## 6 Algorithms Every Developer Should Know

- In this blog, I discovered the six important algorithms that every developer should know, and these six will almost always solve every problem in your development process.

- Sorting Algorithm
- Searching Algorithm
- Dynamic Programming
- Recursion Algorithm
- Divide and Conquer
- Hashing

### Sorting Algorithm

- What exactly is sorting?- It is the algorithm that arranges the order of the items in a list.

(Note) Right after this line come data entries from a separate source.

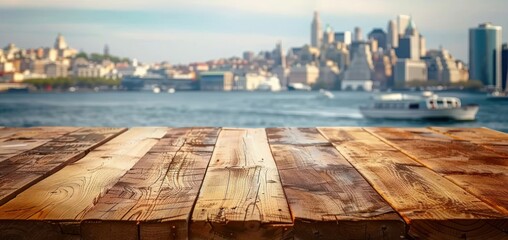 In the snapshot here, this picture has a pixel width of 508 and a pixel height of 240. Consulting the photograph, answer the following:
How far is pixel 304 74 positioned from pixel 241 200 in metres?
86.7

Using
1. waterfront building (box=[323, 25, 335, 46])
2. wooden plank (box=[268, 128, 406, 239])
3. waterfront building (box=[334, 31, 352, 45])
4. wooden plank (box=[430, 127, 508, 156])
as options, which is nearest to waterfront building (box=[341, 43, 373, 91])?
waterfront building (box=[323, 25, 335, 46])

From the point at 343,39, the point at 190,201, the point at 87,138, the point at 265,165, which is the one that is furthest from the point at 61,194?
the point at 343,39

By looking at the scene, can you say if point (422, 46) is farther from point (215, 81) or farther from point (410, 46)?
point (215, 81)

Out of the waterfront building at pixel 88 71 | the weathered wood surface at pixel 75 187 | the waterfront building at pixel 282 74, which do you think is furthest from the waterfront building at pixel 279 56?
the weathered wood surface at pixel 75 187

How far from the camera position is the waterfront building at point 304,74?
3408 inches

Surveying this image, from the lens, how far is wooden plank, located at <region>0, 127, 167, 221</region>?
0.85 m

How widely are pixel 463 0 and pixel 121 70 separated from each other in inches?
2288

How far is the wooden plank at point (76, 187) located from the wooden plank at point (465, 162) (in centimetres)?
51

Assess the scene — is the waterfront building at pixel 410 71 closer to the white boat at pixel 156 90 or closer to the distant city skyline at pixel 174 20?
the distant city skyline at pixel 174 20

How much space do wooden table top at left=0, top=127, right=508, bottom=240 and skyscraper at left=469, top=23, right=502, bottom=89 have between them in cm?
5608

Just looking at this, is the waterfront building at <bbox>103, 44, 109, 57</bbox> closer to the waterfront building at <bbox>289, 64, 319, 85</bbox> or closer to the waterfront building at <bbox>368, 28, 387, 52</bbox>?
the waterfront building at <bbox>289, 64, 319, 85</bbox>

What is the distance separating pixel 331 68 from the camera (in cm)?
8925

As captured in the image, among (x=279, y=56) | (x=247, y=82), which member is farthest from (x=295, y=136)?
(x=279, y=56)

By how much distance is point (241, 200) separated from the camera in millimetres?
915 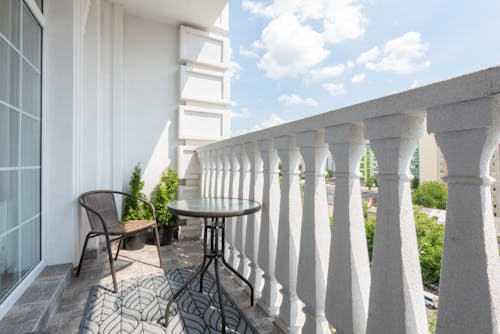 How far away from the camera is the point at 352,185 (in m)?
0.96

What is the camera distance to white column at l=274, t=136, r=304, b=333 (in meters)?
1.36

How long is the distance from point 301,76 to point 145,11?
1105 cm

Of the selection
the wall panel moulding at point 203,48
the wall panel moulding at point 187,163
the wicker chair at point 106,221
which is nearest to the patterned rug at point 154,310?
the wicker chair at point 106,221

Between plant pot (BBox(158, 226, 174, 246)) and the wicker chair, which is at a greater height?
the wicker chair

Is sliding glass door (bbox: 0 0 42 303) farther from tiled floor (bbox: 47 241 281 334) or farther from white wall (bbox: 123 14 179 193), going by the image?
white wall (bbox: 123 14 179 193)

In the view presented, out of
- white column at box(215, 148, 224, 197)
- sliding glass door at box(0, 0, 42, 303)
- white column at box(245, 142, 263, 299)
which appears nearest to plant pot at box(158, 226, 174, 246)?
white column at box(215, 148, 224, 197)

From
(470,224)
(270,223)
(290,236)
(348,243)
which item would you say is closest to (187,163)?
(270,223)

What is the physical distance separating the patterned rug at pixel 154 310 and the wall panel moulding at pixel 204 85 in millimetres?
2617

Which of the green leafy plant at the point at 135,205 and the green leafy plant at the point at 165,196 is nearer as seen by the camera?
the green leafy plant at the point at 135,205

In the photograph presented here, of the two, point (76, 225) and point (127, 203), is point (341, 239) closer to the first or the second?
point (76, 225)

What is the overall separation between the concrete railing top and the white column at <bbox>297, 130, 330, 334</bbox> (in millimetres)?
116

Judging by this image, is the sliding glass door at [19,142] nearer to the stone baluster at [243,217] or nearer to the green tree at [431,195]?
the stone baluster at [243,217]

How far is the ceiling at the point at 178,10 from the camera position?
326 cm

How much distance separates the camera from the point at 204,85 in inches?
148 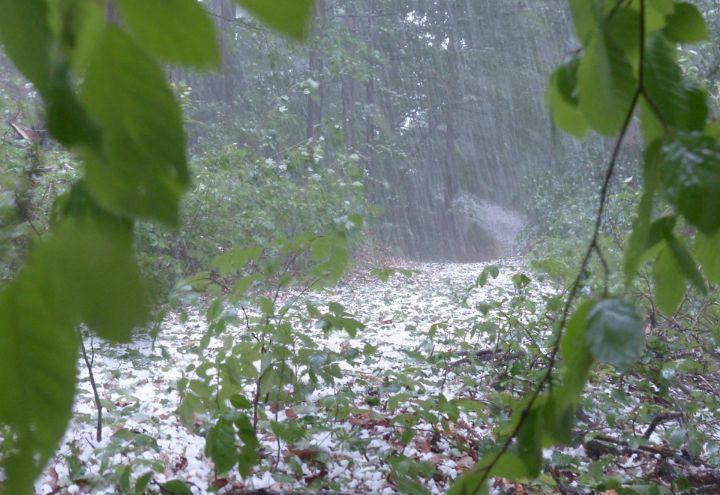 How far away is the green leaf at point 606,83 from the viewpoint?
37cm

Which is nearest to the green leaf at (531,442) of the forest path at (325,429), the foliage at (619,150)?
the foliage at (619,150)

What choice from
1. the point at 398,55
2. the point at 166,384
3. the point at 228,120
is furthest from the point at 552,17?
the point at 166,384

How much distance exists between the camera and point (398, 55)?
6133 mm

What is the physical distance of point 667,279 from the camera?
0.46 m

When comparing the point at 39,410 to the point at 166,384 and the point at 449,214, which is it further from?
the point at 449,214

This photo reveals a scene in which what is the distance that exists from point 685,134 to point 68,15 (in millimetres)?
321

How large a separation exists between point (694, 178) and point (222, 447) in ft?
3.47

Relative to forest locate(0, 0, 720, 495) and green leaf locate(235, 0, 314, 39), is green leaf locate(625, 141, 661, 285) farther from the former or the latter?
green leaf locate(235, 0, 314, 39)

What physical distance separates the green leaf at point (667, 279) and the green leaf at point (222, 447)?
0.93m

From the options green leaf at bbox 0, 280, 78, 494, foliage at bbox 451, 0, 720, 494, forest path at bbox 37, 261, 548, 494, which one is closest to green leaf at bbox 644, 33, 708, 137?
foliage at bbox 451, 0, 720, 494

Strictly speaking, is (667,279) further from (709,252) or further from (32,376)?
(32,376)

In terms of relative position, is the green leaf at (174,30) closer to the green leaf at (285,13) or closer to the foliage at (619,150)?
the green leaf at (285,13)

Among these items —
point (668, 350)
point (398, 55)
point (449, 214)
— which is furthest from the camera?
point (449, 214)

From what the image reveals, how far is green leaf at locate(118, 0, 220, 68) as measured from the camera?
233 millimetres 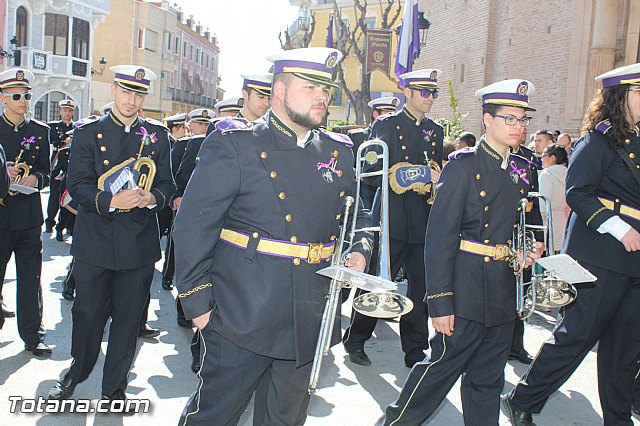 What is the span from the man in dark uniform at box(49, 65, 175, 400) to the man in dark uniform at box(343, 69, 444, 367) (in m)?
2.29

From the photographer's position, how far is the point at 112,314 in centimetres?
521

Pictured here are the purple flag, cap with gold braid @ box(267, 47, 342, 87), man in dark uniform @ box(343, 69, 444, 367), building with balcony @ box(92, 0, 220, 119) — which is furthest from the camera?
building with balcony @ box(92, 0, 220, 119)

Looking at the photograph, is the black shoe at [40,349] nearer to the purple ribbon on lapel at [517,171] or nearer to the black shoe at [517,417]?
the black shoe at [517,417]

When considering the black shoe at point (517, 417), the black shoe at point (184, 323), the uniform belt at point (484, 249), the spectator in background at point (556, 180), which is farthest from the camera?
the spectator in background at point (556, 180)

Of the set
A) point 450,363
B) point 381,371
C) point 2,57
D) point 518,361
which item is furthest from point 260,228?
point 2,57

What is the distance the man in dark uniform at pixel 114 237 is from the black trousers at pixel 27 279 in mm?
1274

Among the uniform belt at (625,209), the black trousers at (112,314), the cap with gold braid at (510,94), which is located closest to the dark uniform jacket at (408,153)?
the uniform belt at (625,209)

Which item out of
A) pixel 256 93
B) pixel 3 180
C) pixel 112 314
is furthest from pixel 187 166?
pixel 112 314

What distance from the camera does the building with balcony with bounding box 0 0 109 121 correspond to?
3856cm

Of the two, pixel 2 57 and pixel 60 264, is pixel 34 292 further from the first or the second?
pixel 2 57

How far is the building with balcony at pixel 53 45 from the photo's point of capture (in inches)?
1518

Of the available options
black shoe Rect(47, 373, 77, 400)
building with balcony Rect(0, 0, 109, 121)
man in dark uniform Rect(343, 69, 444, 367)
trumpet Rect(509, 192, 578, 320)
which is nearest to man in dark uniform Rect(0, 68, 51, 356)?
black shoe Rect(47, 373, 77, 400)

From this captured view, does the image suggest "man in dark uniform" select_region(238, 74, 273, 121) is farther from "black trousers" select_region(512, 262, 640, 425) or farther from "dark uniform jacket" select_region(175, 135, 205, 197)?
"black trousers" select_region(512, 262, 640, 425)

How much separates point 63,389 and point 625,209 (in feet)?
13.3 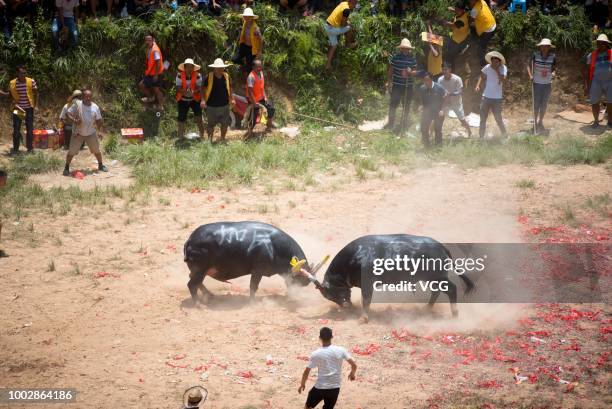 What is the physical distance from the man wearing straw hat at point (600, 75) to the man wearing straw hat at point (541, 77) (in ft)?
3.33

### Important Sorting Algorithms-

- Bubble Sort: Bubble Sort is the most basic sorting algorithm, and it works by repeatedly swapping adjacent elements if they are out of order.
- Merge Sort: Merge sort is a sorting technique that uses the divide and conquers strategy.
- Quicksort: Quicksort is a popular sorting algorithm that performs n log n comparisons on average when sorting an array of n elements. It is a more efficient and faster sorting algorithm.
- Heap Sort: Heap sort works by visualizing the array elements as a special type of complete binary tree known as a heap.

### Searching Algorithm

- What exactly is searching?- It is the algorithm that finds an element in a data set.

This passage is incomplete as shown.